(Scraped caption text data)
======

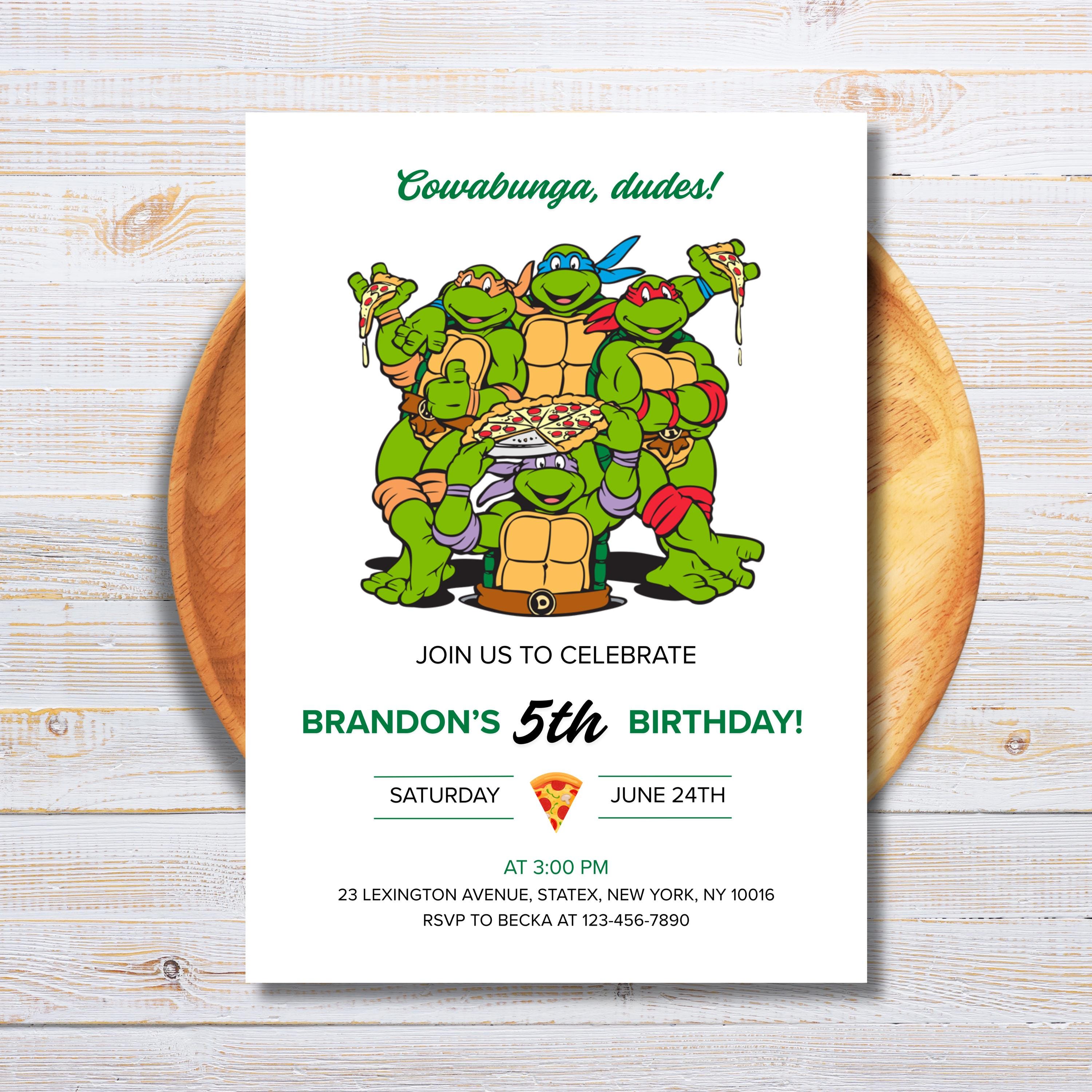 Editable Ninja Turtles Birthday Invitation, Ninja Turtles Birthday Party, Cowabunga Dudes, Digital Download, Printable Kids Birthday Invite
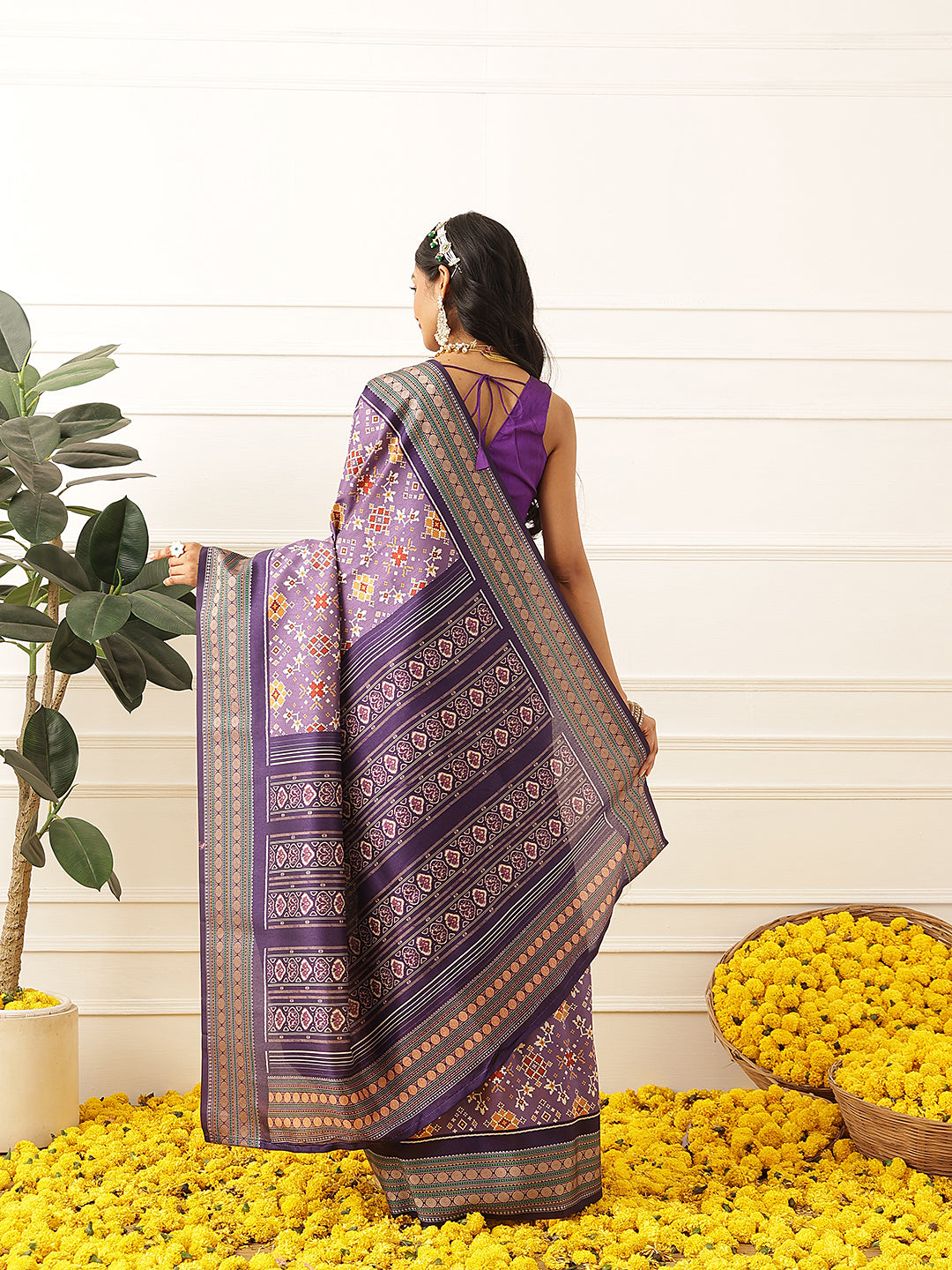 Women's Soft Tusser Silk Digital Printed Viscous Jacquard Border Patola Sarees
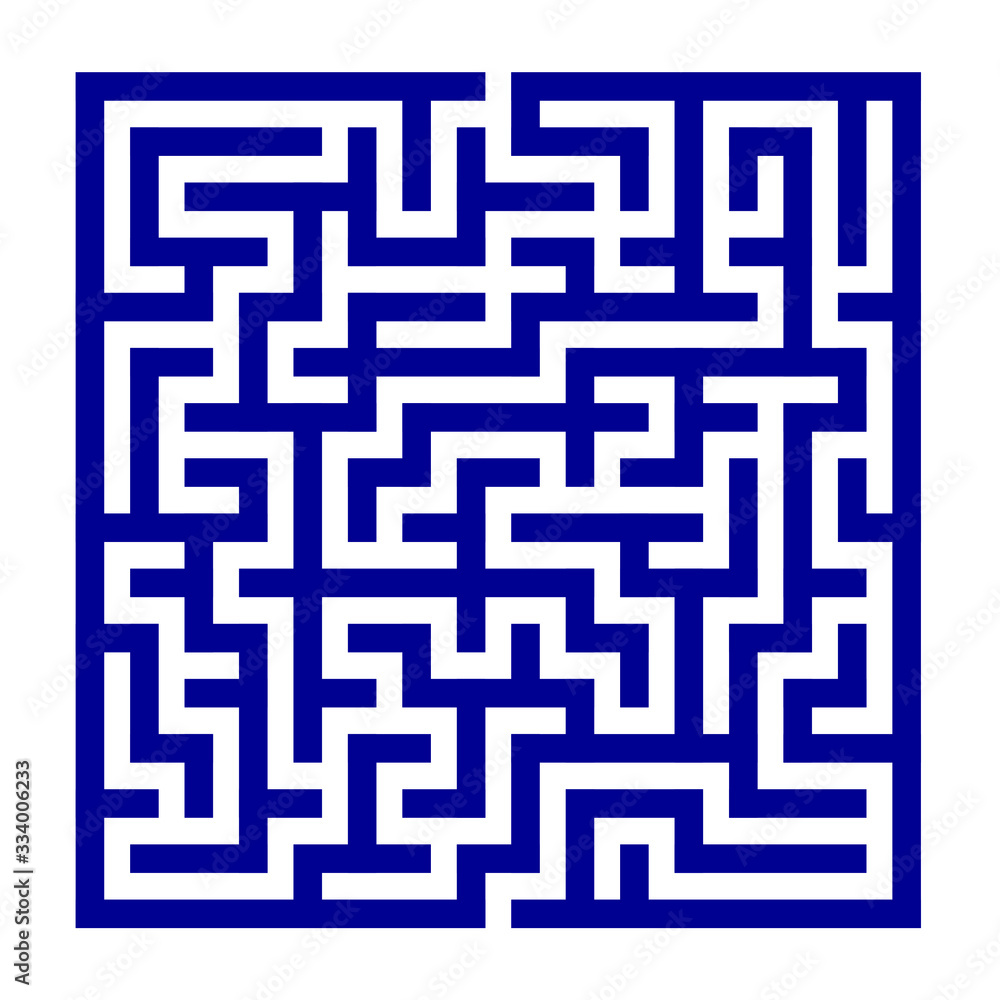 15x15 rectangular maze with blue thick walls and no solution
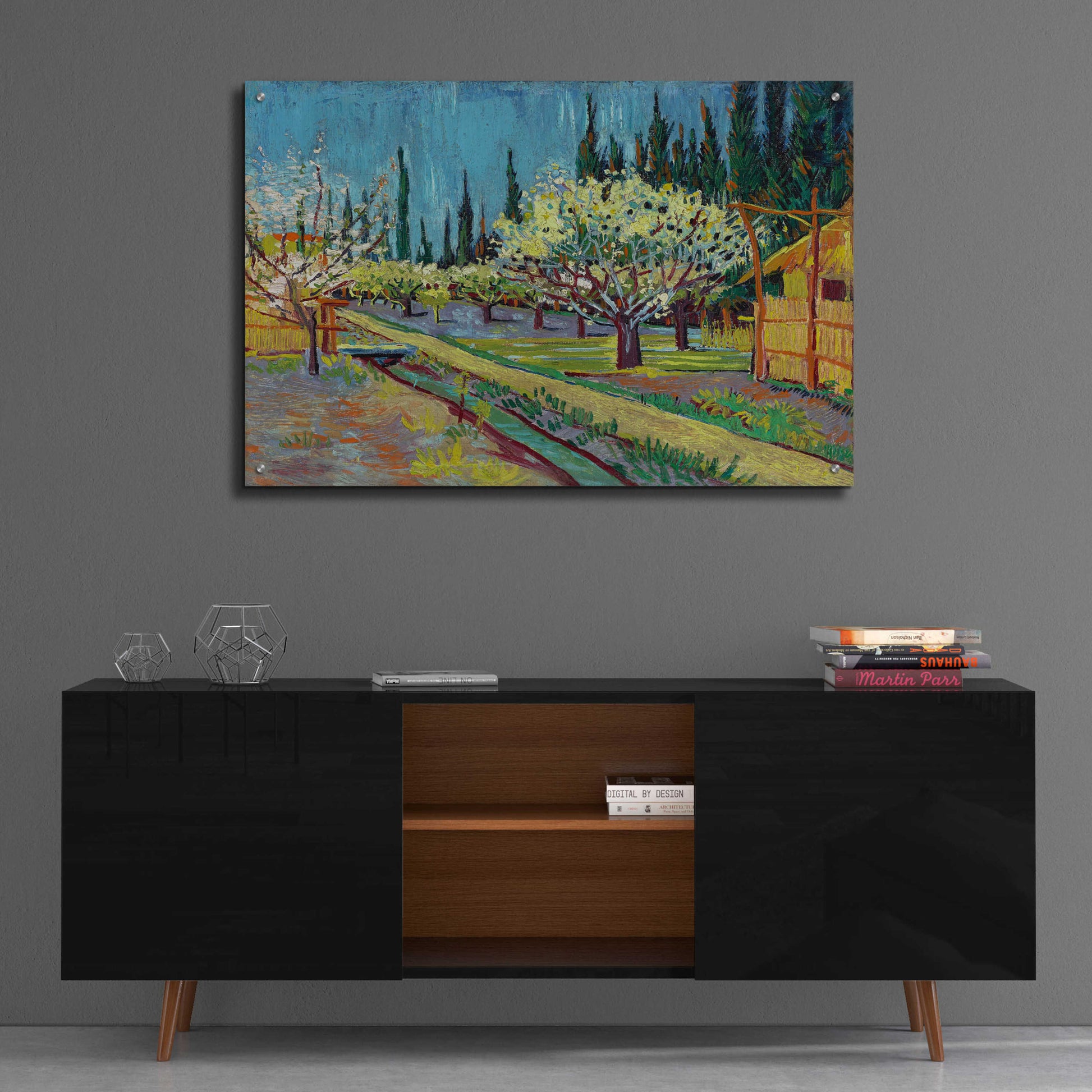 Epic Art 'Orchard Bordered By Cypresses' by Vincent Van Gogh, Acrylic Glass Wall Art,36x24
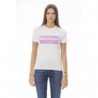 T-shirt girocollo in cotone bianco chic - M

======

» **Task prompt**:
Copy exactly the lines from the line that contains "Epic Art 'Orchard" through the last line of the records above, both ends included, but leave out the pictures.

» **Result for this exercise**:
 Epic Art 'Orchard Bordered By Cypresses' by Vincent Van Gogh, Acrylic Glass Wall Art,36x24
 T-shirt girocollo in cotone bianco chic - M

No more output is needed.